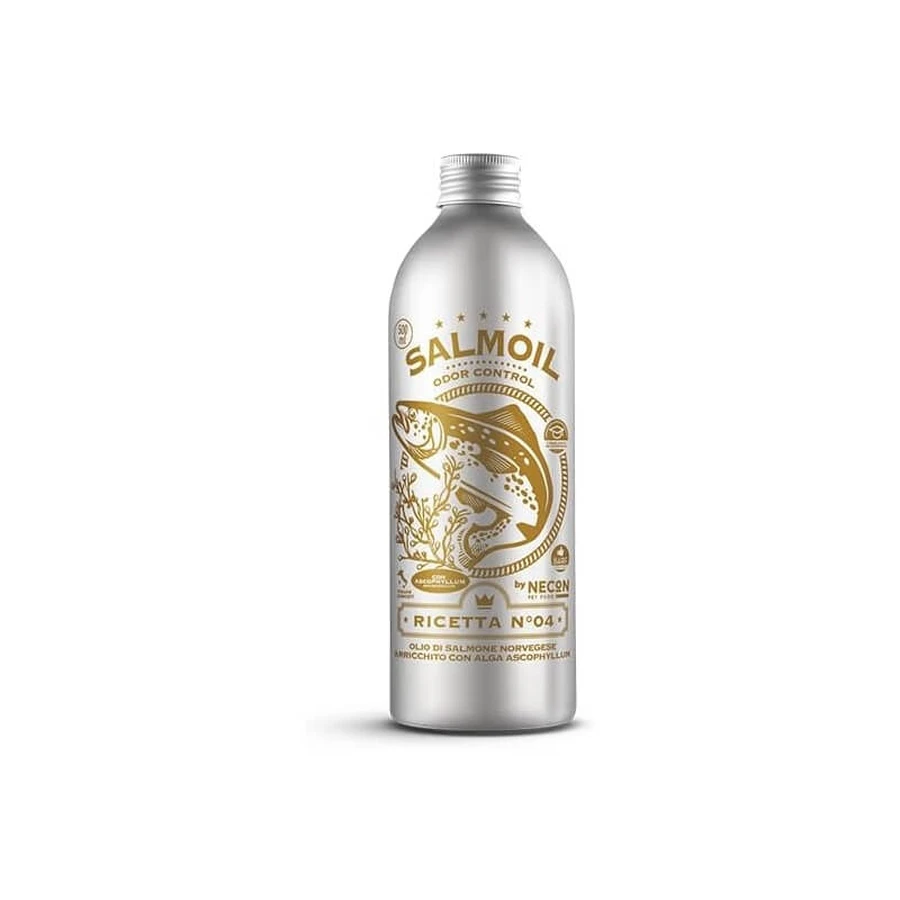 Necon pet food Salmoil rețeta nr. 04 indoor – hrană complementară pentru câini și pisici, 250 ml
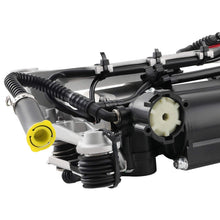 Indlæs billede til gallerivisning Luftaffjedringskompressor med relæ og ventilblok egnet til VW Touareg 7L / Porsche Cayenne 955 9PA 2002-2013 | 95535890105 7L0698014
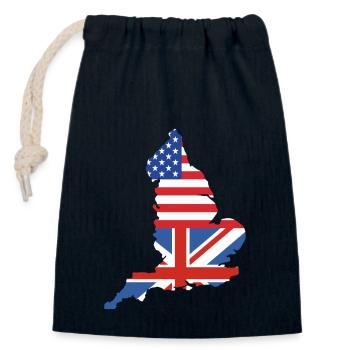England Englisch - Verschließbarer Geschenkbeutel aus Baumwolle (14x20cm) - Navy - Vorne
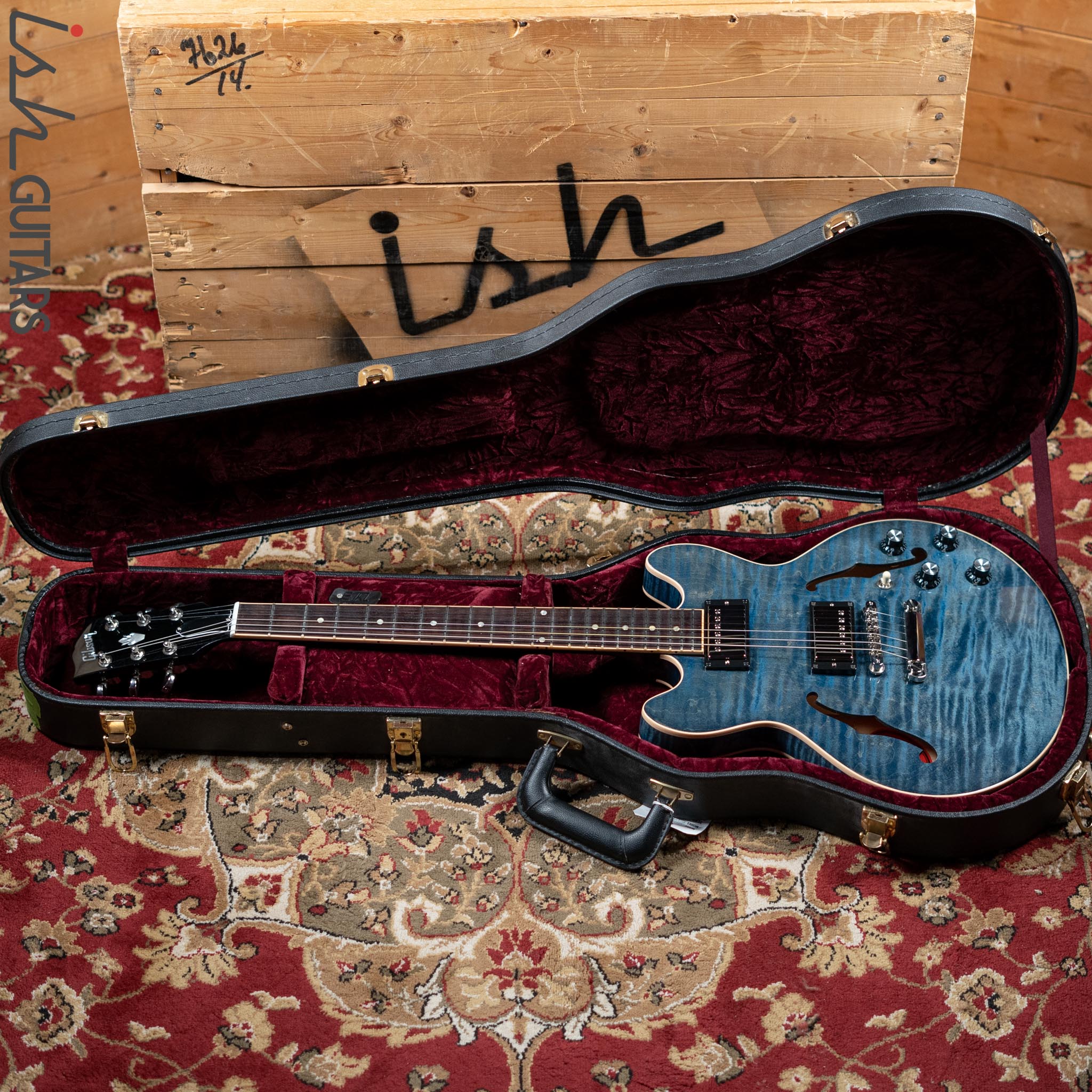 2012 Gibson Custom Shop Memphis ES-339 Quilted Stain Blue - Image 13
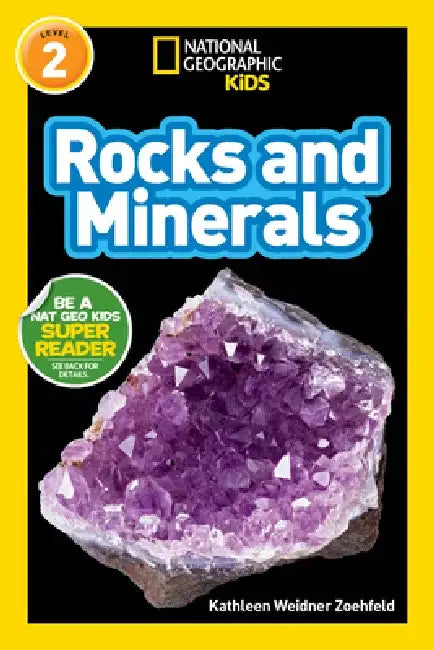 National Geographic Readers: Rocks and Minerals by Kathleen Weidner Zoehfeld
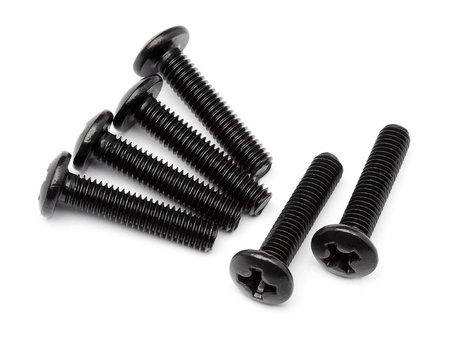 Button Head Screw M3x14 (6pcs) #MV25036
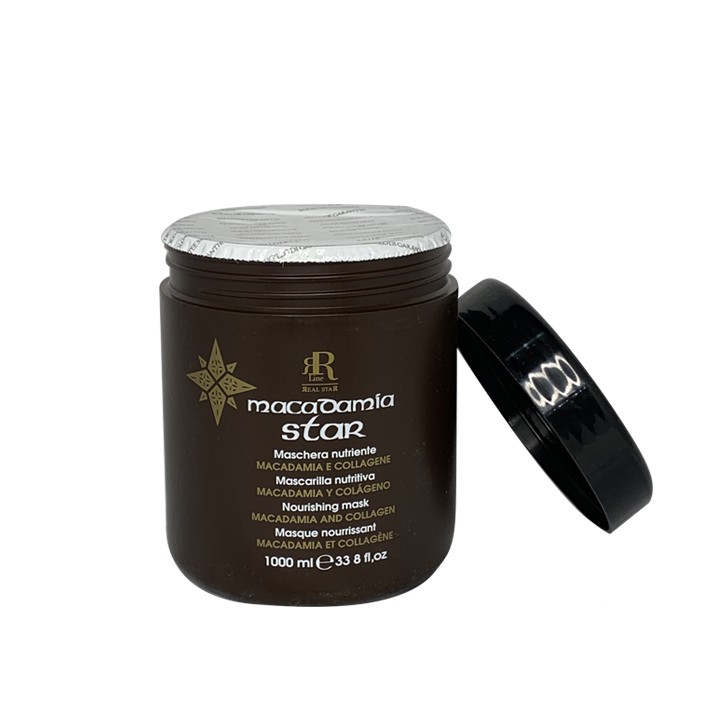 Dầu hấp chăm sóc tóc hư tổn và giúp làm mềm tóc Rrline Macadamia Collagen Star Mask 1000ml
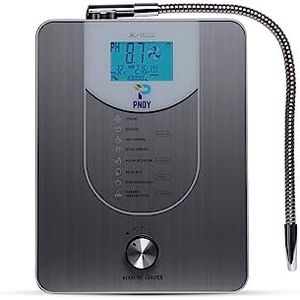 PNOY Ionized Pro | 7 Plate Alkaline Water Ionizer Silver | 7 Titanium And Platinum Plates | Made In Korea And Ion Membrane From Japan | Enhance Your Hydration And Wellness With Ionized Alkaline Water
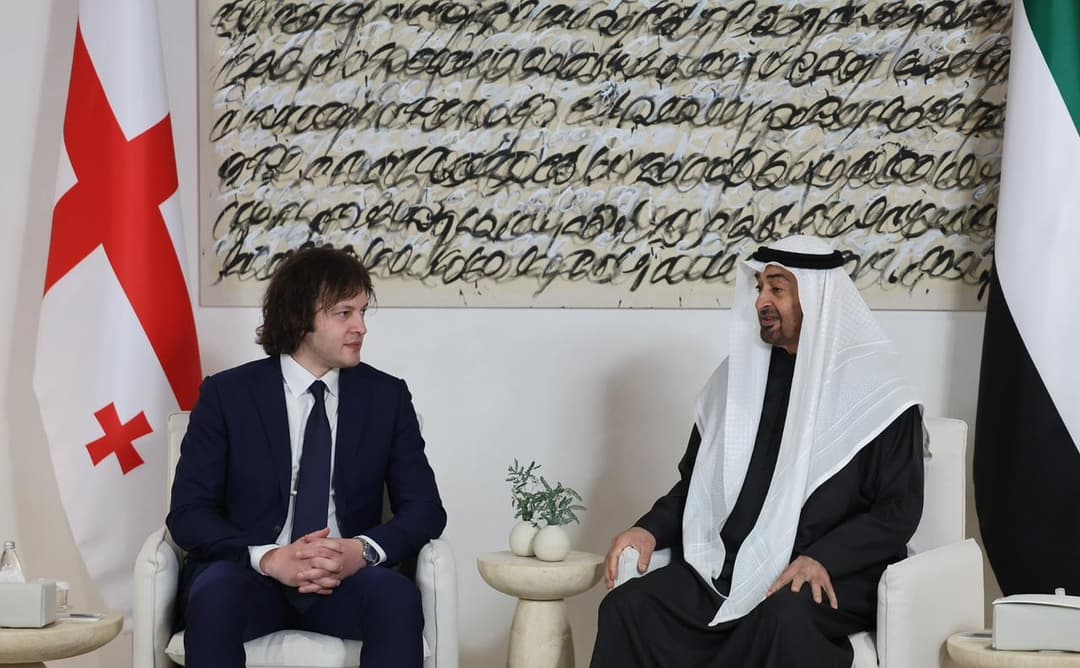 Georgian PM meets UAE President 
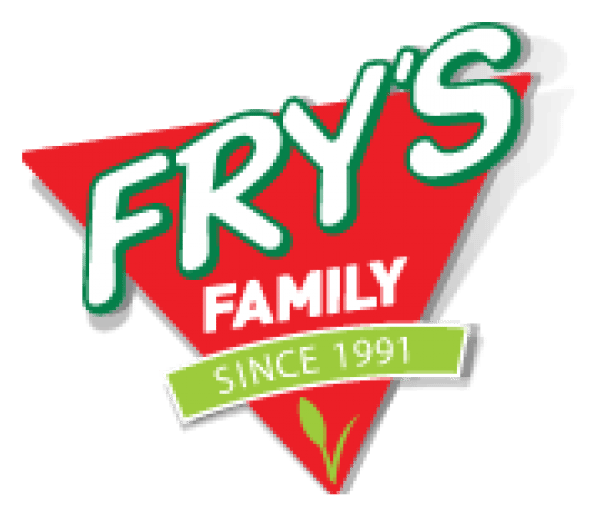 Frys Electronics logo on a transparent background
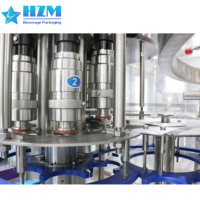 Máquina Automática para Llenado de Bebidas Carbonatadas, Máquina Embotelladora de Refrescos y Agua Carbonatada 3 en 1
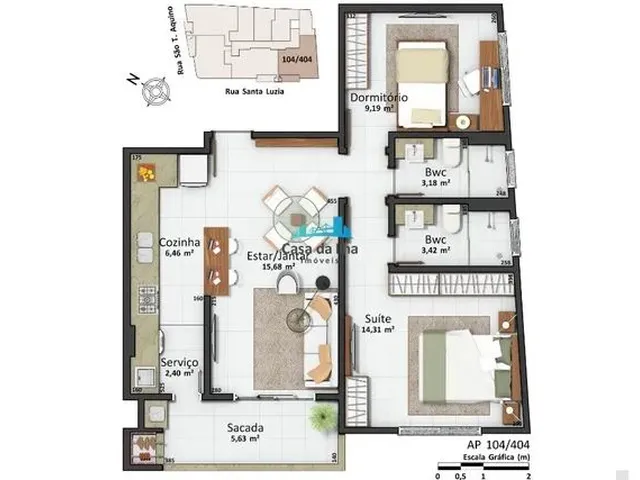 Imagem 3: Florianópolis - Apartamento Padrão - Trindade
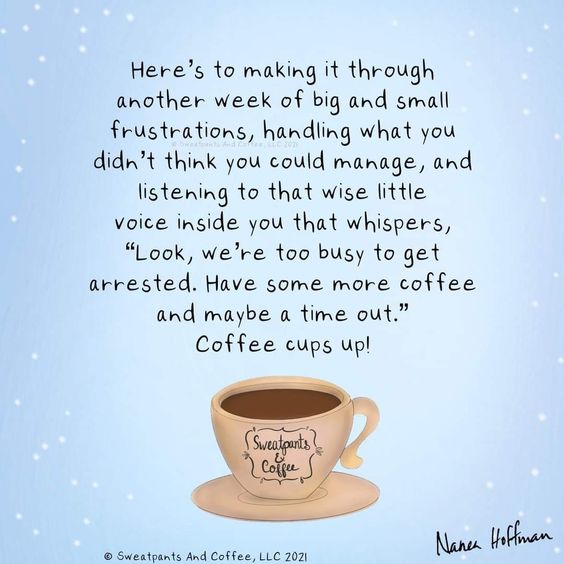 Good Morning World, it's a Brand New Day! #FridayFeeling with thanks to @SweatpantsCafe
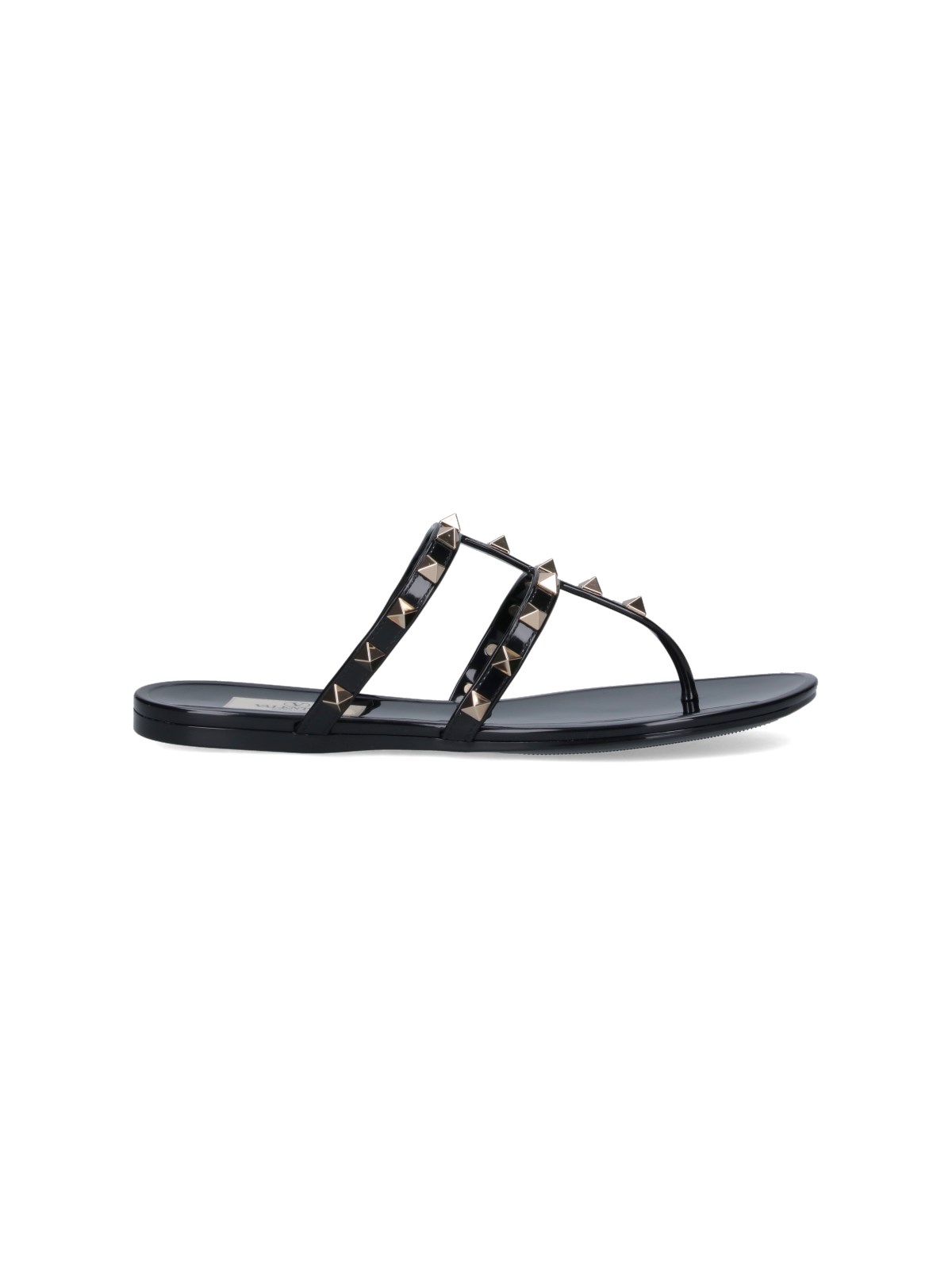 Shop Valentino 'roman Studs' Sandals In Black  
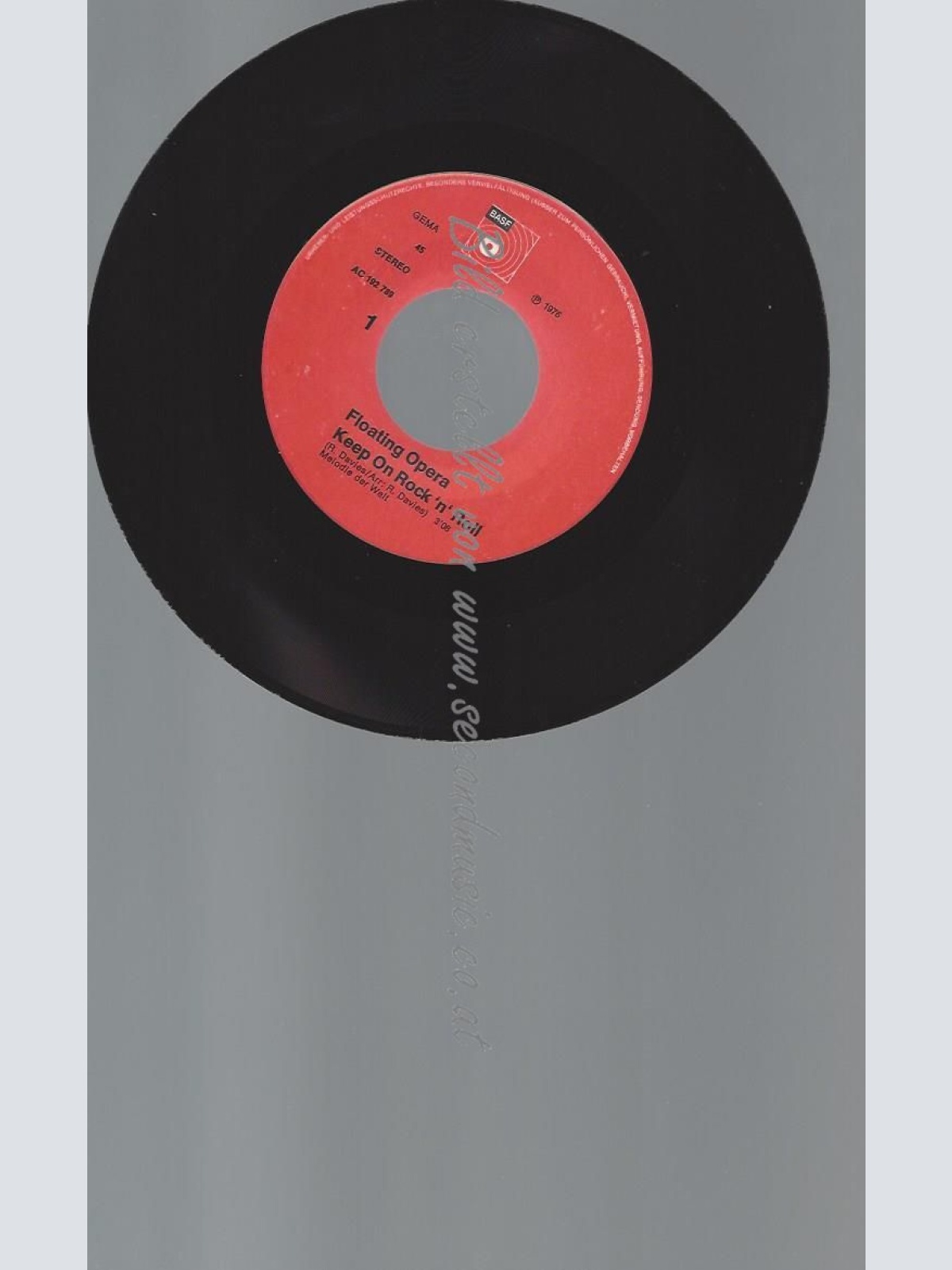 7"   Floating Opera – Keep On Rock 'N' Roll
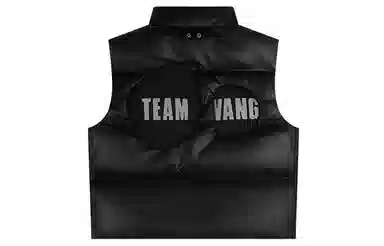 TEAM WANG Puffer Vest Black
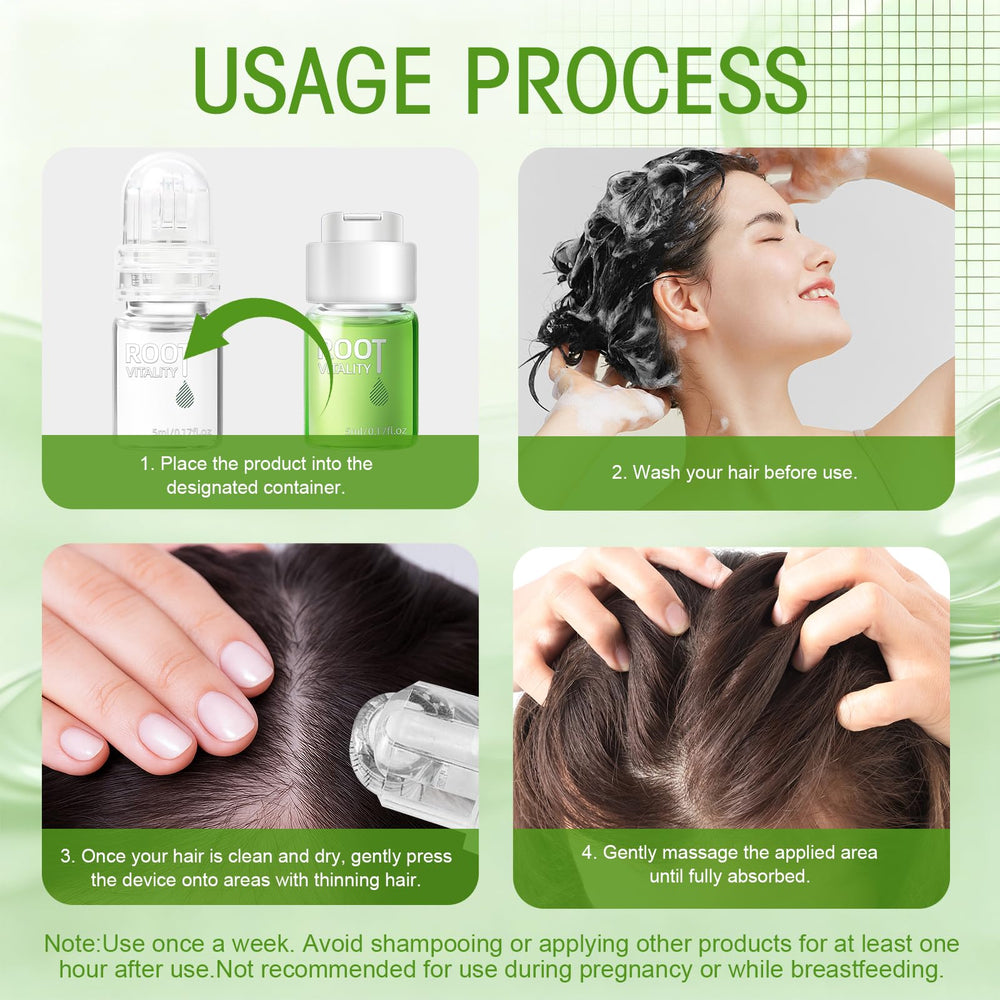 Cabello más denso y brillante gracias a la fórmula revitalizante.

Task instructions:
The output must match the records word for word, except that no pictures appear.

Answer to the problem:
 Necon pet food Salmoil rețeta nr. 04 indoor – hrană complementară pentru câini și pisici, 250 ml
 Indlæs billede til gallerivisning Luftaffjedringskompressor med relæ og ventilblok egnet til VW Touareg 7L / Porsche Cayenne 955 9PA 2002-2013 | 95535890105 7L0698014
England Englisch - Verschließbarer Geschenkbeutel aus Baumwolle (14x20cm) - Navy - Vorne
 2012 Gibson Custom Shop Memphis ES-339 Quilted Stain Blue - Image 13
 National Geographic Readers: Rocks and Minerals by Kathleen Weidner Zoehfeld
 Button Head Screw M3x14 (6pcs) #MV25036
 Dầu hấp chăm sóc tóc hư tổn và giúp làm mềm tóc Rrline Macadamia Collagen Star Mask 1000ml
 PNOY Ionized Pro | 7 Plate Alkaline Water Ionizer Silver | 7 Titanium And Platinum Plates | Made In Korea And Ion Membrane From Japan | Enhance Your Hydration And Wellness With Ionized Alkaline Water
 Georgian PM meets UAE President 
 Frys Electronics logo on a transparent background
 Máquina Automática para Llenado de Bebidas Carbonatadas, Máquina Embotelladora de Refrescos y Agua Carbonatada 3 en 1
 Imagem 3: Florianópolis - Apartamento Padrão - Trindade
 Good Morning World, it's a Brand New Day! #FridayFeeling with thanks to @SweatpantsCafe
 Shop Valentino 'roman Studs' Sandals In Black  
 7"   Floating Opera – Keep On Rock 'N' Roll
 TEAM WANG Puffer Vest Black
 Cabello más denso y brillante gracias a la fórmula revitalizante.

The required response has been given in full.